» **Available data**
>>>

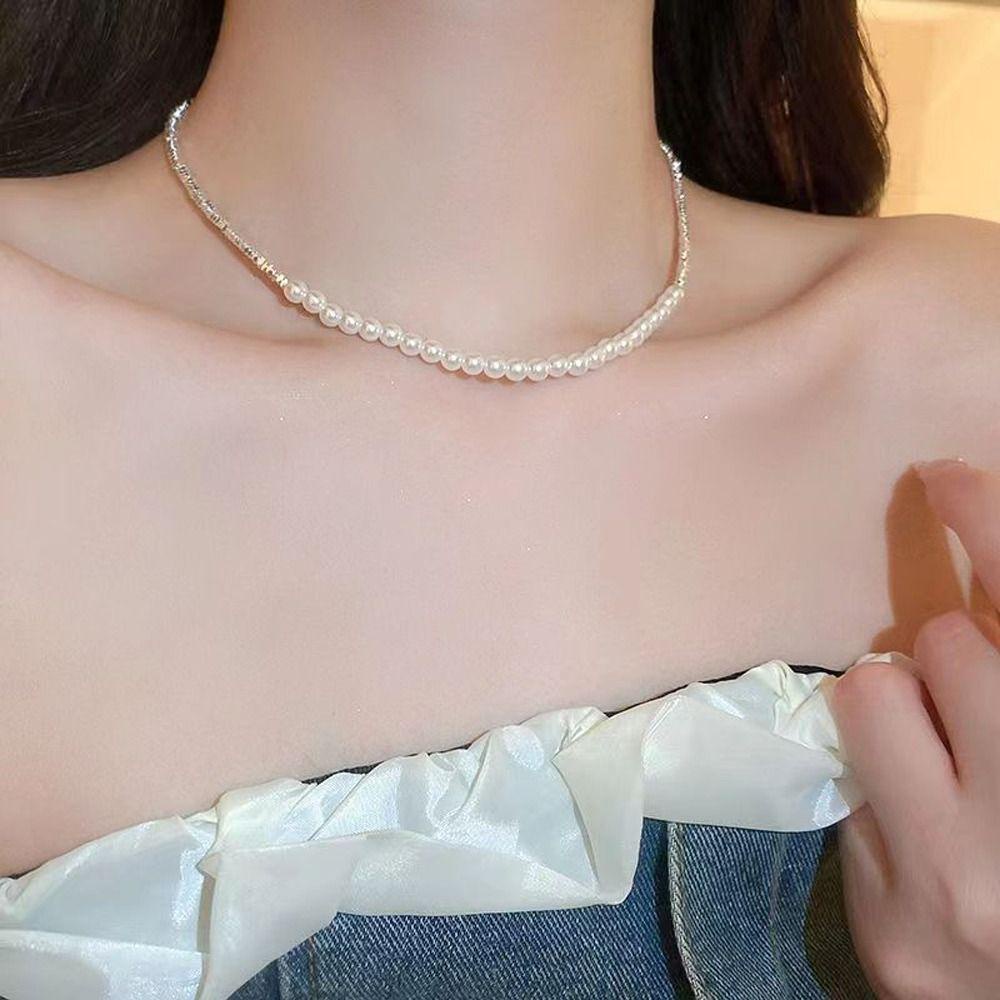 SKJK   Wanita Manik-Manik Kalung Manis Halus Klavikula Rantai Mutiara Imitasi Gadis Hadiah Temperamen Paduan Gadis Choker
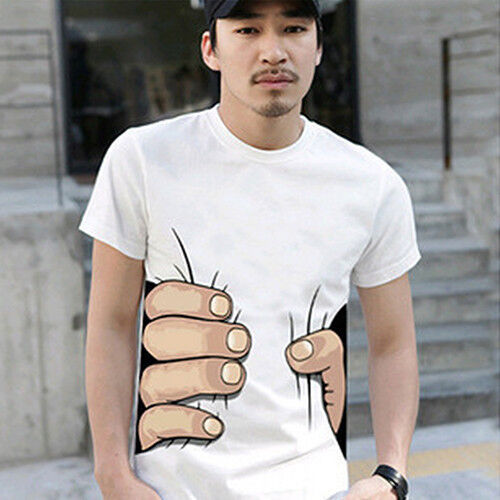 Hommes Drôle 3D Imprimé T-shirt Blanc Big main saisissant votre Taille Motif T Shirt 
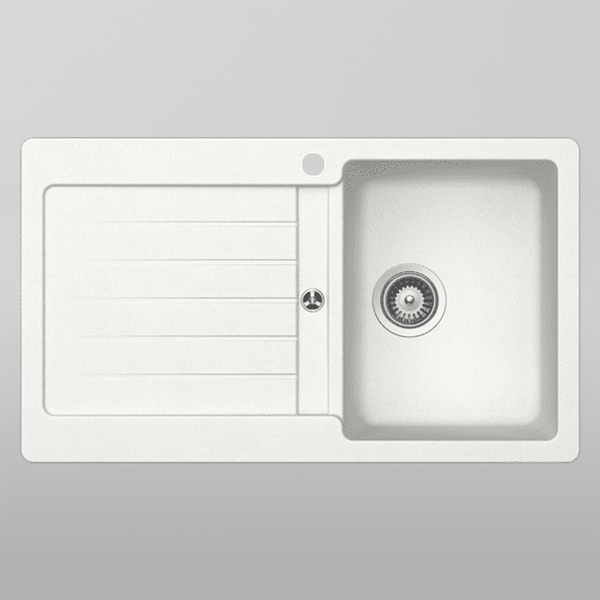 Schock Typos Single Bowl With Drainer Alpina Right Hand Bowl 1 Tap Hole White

<<<

» **Task**
Beginning at the line that contains "Hommes Drôle 3D", transcribe it and every later line through the last line of the data above, exactly, and drop the pictures.

» **Solution**
 Hommes Drôle 3D Imprimé T-shirt Blanc Big main saisissant votre Taille Motif T Shirt 
 Schock Typos Single Bowl With Drainer Alpina Right Hand Bowl 1 Tap Hole White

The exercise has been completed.